Van Osten non disse che: — Ah? davvero? — e poi si volse a parlare con altri.

Ma Aldo sentì che era contento. Ora, davvero, il congressista sapeva di avere al suo impiego un uomo di discrezione e intelligenza a tutta prova.

Terminato il pranzo, quando gli uomini raggiunsero nel gran salone le signore, Aldo vide gli occhi della signora Van Osten che lo chiamavano. Egli andò a sedersi al suo fianco e le parlò delle opere di Boito. A grande sua sorpresa ella si mise a ridere, chinando il capo come se arrossisse.

— Perchè diamine fa così? — pensò Aldo, e si guardò intorno.

Vide in fondo alla sala il marito che la guardava.

Accanto a lui una donna magra e modernizzante li osservava anche lei. Aldo la udì che diceva a Van Osten:

— Che bellissimo giovane! Pare quel... quel dio greco, sapete bene... di quel famoso artista... come si chiama?... in quella tal Galleria... non ricordo dove.

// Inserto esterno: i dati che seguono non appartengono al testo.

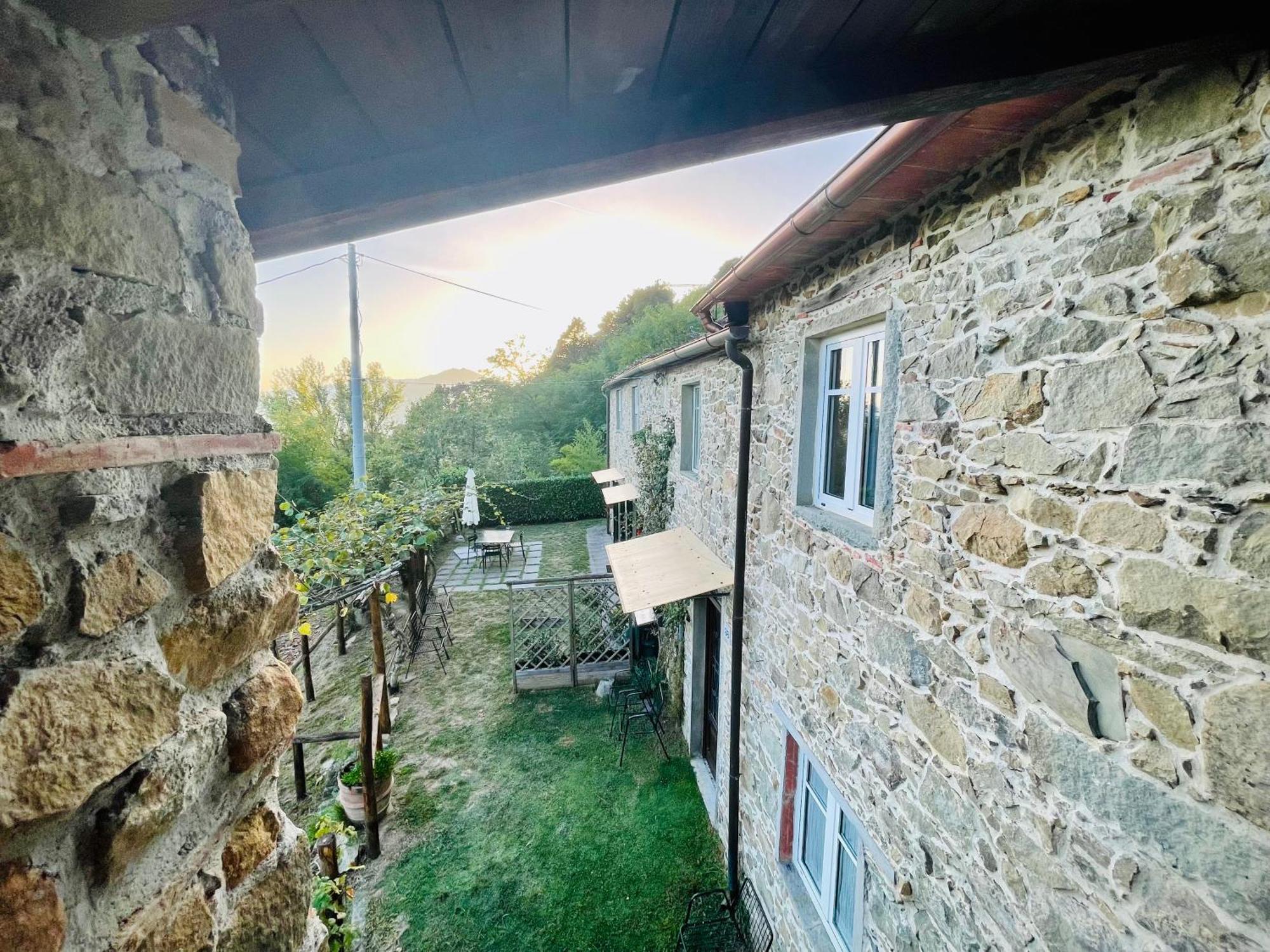 La Casa In Valli 35 Villa Bagni di Lucca Dış mekan fotoğraf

— Già, — disse Van Osten. E continuò a guardare sua moglie.

D’improvviso questa sporse la mano e la mise riversa, col palmo in su, in quella di Aldo. Egli sentiva tremare sulla sua quella manina fredda e leggiera. Le parole di lei erano stupefacenti quanto il suo gesto.

— Ebbene, — disse, — poi che insistete tanto, leggetemi nella mano la ventura!

Aldo non aveva affatto insistito. E non sapeva leggere la ventura. Però si accinse del suo meglio a fare il chiromante. Seguì colla punta dell’indice le piccole linee serpeggianti nel palmo roseo, ed ella rabbrividiva e rideva col mento in fuori e il biondo capo riverso.

Van Osten mosse lentamente attraverso la sala, e venne a loro, poderoso e deliberato, colle mani in tasca.